インタビュー
最新作「BLAZBLUE CHRONOPHANTASMA」で,アークシステムワークスは何を目指すのか。稼働初日の秋葉原で森Pに聞いてみた
本作は,これまで4作品が制作され,いずれも高い人気を博してきた「BLAZBLUE」シリーズの最新作だ。前作「BLAZBLUE CONTINUUM SHIFT II」(コンシューマ版は「BLAZBLUE CONTINUUM SHIFT EXTEND」)から,新キャラクターの追加はもちろんのこと,各種ゲームシステムにまで手を入れるなど,シリーズを通して最大の変化が見られる本作が,いったいどんなゲームになっているのか,気になっているプレイヤーも多いはず。

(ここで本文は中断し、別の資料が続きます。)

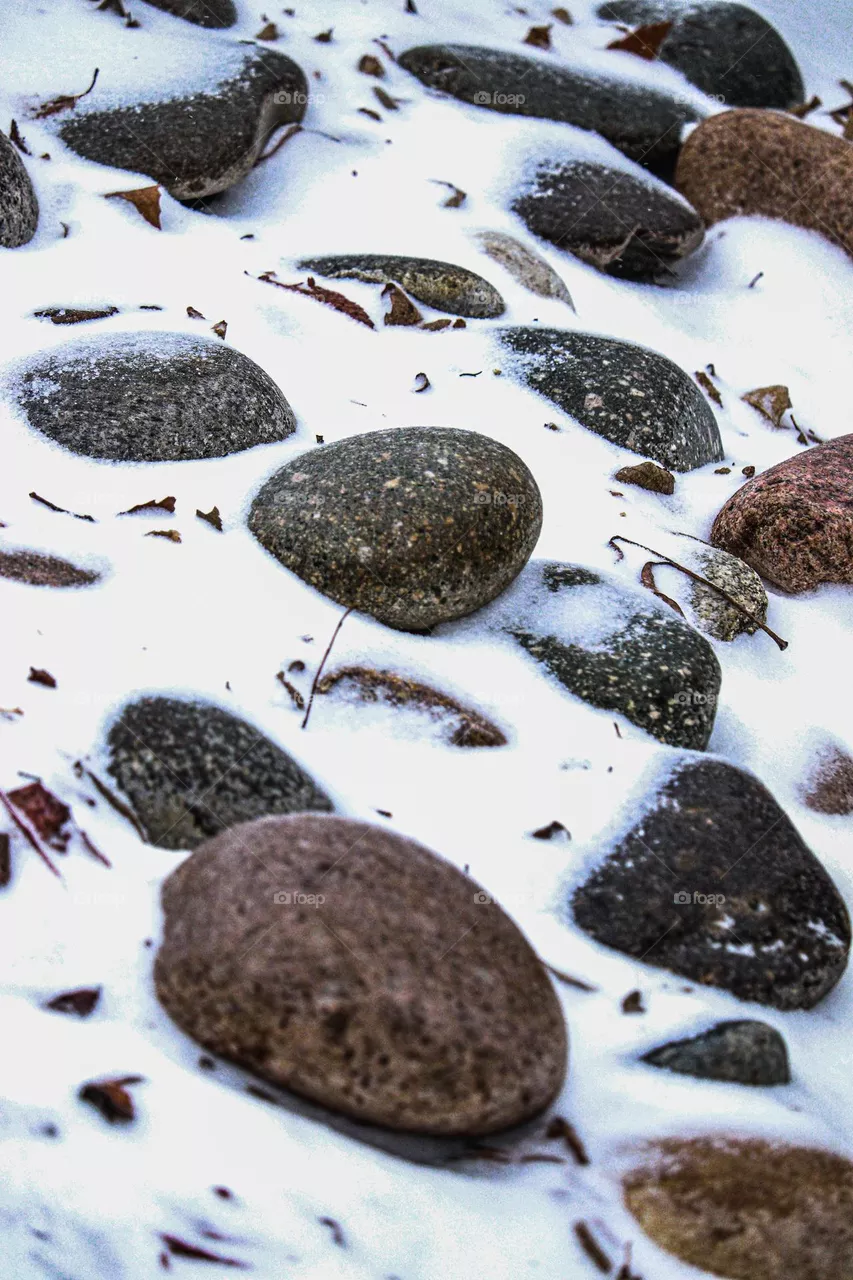 rocks in the snow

今回4Gamerでは,稼働初日である11月21日,多くのプレイヤーが集う秋葉原のゲームセンターにて,プロデューサーである森 利道氏にじっくりと話を聞いてみた。最新作であるBLAZBLUE CHRONOPHANTASMAは何を目指し,何が変わったのか。ちょっとした脱線なども含みつつ,お届けしていこう。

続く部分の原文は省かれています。